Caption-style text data
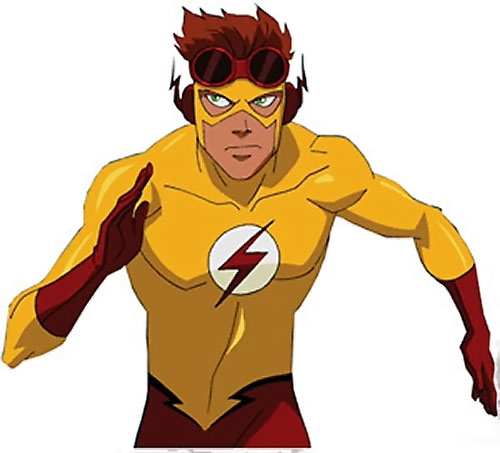 Kid Flash #25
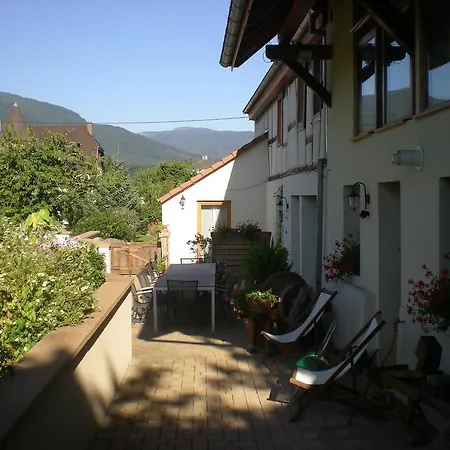 Le Pressoir Des 4 Saisons Berrwiller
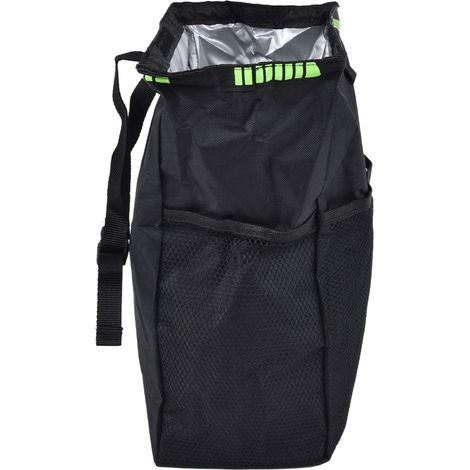 Sac de Rangement Polyvalent et étanche pour Déchets de Voiture – Poubelle Pliable OxfordAuto avec Couvercle et PochesGestion Efficace des Déchets dans Votre Véhicule (1/5)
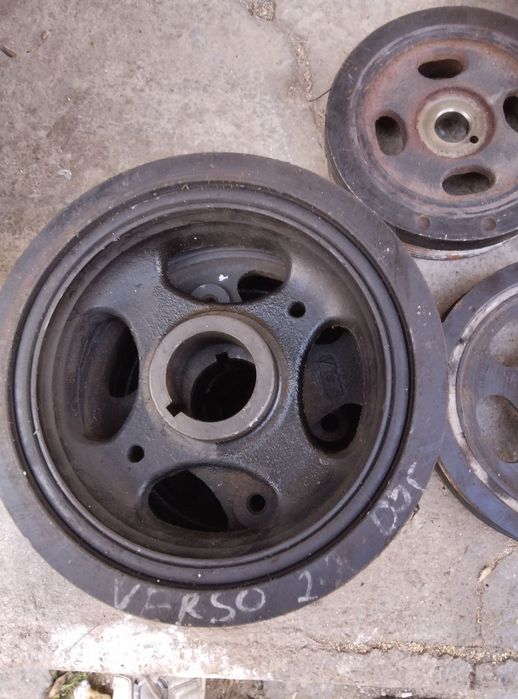 Демпферна шайба за Toyota Avensis Toyota Corolla Verso 2/ 2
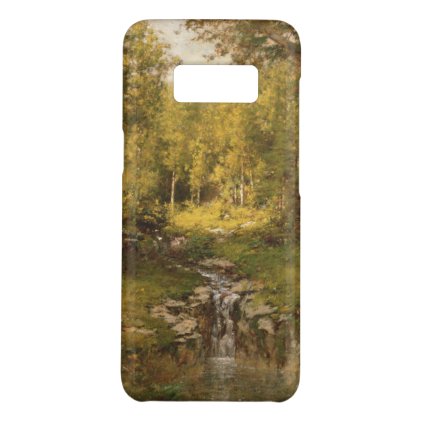 Pool in the Woods Case-Mate Samsung Galaxy S8 Case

WHAT THIS TASK INVOLVES: The data above must be given again in full and unaltered, minus its images.

RESULT OF THIS EXERCISE:
 Kid Flash #25
 Le Pressoir Des 4 Saisons Berrwiller
 Sac de Rangement Polyvalent et étanche pour Déchets de Voiture – Poubelle Pliable OxfordAuto avec Couvercle et PochesGestion Efficace des Déchets dans Votre Véhicule (1/5)
 Демпферна шайба за Toyota Avensis Toyota Corolla Verso 2/ 2
 Pool in the Woods Case-Mate Samsung Galaxy S8 Case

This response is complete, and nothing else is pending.